Back to Basics in Chess Ratings

1. Beyond the Elo System

Rating systems in chess began in postwar Germany with the Ingo System, first described in the periodical Bayerische Schacht [E1]. The system does not bear the name of its originator, Anton Hoesslinger, but rather its place of origin, Ingolstadt .  It establishes the basics of ratings in a remarkably simple formula,

[1.1]          R  =  ER_c - (Pct - 50) ,

where ER_c is the arithmetic average of the opposition ratings and Pct is the player's score in percentage points.  A peculiarity here, from the standpoint of subsequent systems, is that lower ratings represent greater playing strength.  There is no pretense of theory in the Ingo System, though its simplicity invites mathematical ideas.  The actual development of rating theory took a different tack about 1960 with the introduction of probability formulas.  The main proponent of this idea was Arpad E. Elo, one of the founders of the United States Chess Federation (USCF), and his system was subsequently adopted by the International Chess Federation (FIDE).  The Ingo and similar systems were henceforth condemned as being based on an inadequate rectangular (uniform) probability distribution, but the precise probability function on which Elo's Percentage Expectancy Curve should be based is by no means clear.  Elo himself offered two complete systems: one based on the normal curve, another on the logistic.  Apologists are quick to point out that there is little practical difference between the two systems, but the difference raises fundamental questions about the role of probability in rating systems:  ultimately, whether probability is the proper tool for their analysis.

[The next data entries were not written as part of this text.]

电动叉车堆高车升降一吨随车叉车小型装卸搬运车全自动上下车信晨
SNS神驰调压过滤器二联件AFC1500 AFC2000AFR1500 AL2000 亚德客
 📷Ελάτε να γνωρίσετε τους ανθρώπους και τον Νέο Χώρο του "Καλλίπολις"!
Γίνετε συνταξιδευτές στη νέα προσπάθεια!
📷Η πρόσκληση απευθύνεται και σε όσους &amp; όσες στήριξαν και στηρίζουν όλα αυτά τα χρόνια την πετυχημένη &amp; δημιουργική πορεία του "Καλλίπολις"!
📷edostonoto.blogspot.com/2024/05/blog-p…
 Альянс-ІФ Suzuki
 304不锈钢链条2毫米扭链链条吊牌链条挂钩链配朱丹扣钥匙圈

By analogy with scales of measurement, Elo distinguished three types of rating systems: ordinal, interval, and ratio.  This classification is useful enough in discussing the alternatives of statistical treatment, but it can also be misleading.  It is tempting to think of ratings as measurements of chess performance in the same sense as measurements of physical phenomena.  As a trained physicist, Elo was especially susceptible to this interpretation. It is important to remember that ratings are essentially nothing more than statistics.  The information they convey is based solely on the data provided by pairings and outcomes, certainly not on analysis of chess performance, which is beyond the reckoning of a mere mathematician.  An unfortunate consequence of the literal interpretation of  ratings as measurements of performance is the tendency  to speculate prematurely on probability distributions, which leads to circular arguments for probability treatments based on assumed distributions.  The task of rating theory is to investigate the nature of statistics used to measure chess performance.  Differences between systems by Elo's classification are essentially differences in statistical treatment.